Abraham, mientras regresaba hacia Italia para encontrarse con el gran Rabí Hillel en Capua, se cruzaba con varios peregrinos de otras religiones y les comentaba sus conocimientos del judaísmo. Era tan seductor y convincente en sus planteos teosóficos, que los gentiles muchas veces pedían tener el pacto. El pacto judío que unía la carne del hombre con Dios. Muchos de los que lo intentaban en solitario y a escondidas morían desangrados, muchos decían por ese motivo Abraham era el mensajero del demonio, que tras sus palabras seductoras como la mejor de las serpientes, conseguía que muchos se cortaran el prepucio, entregando su vida al vacío.
Realmente había vuelto desquiciado y desafiante con todas las autoridades de los pueblos, ya que muchas veces entraba en las Iglesias de los pequeños poblados, haciéndose pasar por el Fraile Guillen y les contaba historias a los fieles, para que luego intentaran convertirse al judaísmo. Estaba tomando a la gente como conejillos de indias, sabía que un Papa no sabía más religión que el más ignorante de los labradores, pero el Papa si sabía de poder, cosa que ellos no tenían ni idea y el Papa ninguna intención de perder.
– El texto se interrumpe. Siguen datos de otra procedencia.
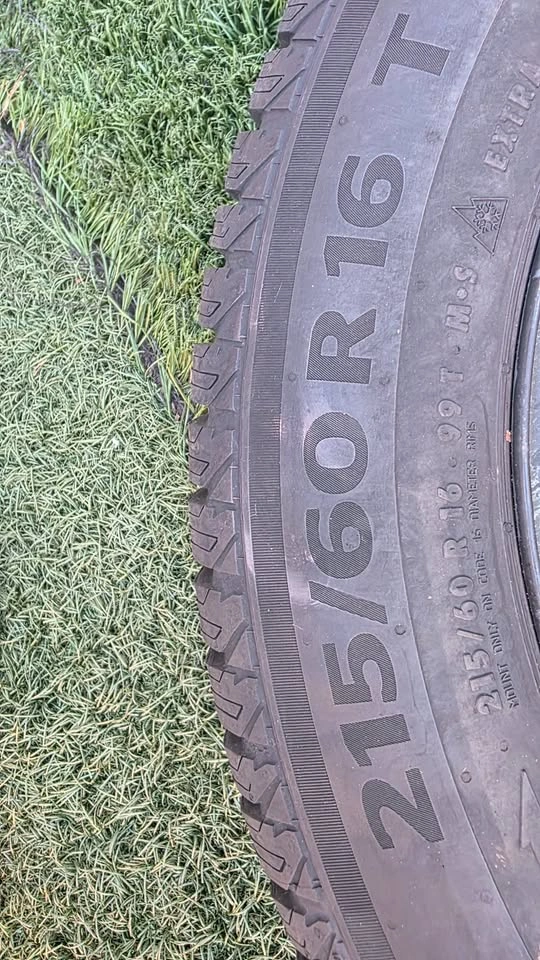 215/60/16 Continental Winter Tires w/ VW Rims 5x112 - photo 5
Siempre comenzaba hablando poco del Nuevo Testamento, total todo el

mundo siempre repetía lo mismo, pero le empezaba a agregar del Antiguo Testamento y los comparaba. Hablaba desde el dolor del Nazareno y que no hacían más que repetir ese dolor en cada acto de intolerancia a nuestros hermanos.
- Los judíos mataron a Nuestro Señor- decía y la gente se encendía-, pero Nuestro Señor era judío, por eso tenemos que respetar a los judíos.- Imaginen a Nuestro Padre Jesús como se sentiría si viera cuando insultamos a todos sus hermanos.
- ¡Pero ellos lo traicionaron! – le gritaban desde el fondo de todas las parroquias.
Siempre repetía el mismo sermón para impresionar a los gentiles. Les decía que las sagradas escrituras tenían un mensaje secreto y que era justo en el momento de la entrega y muerte de Jesús.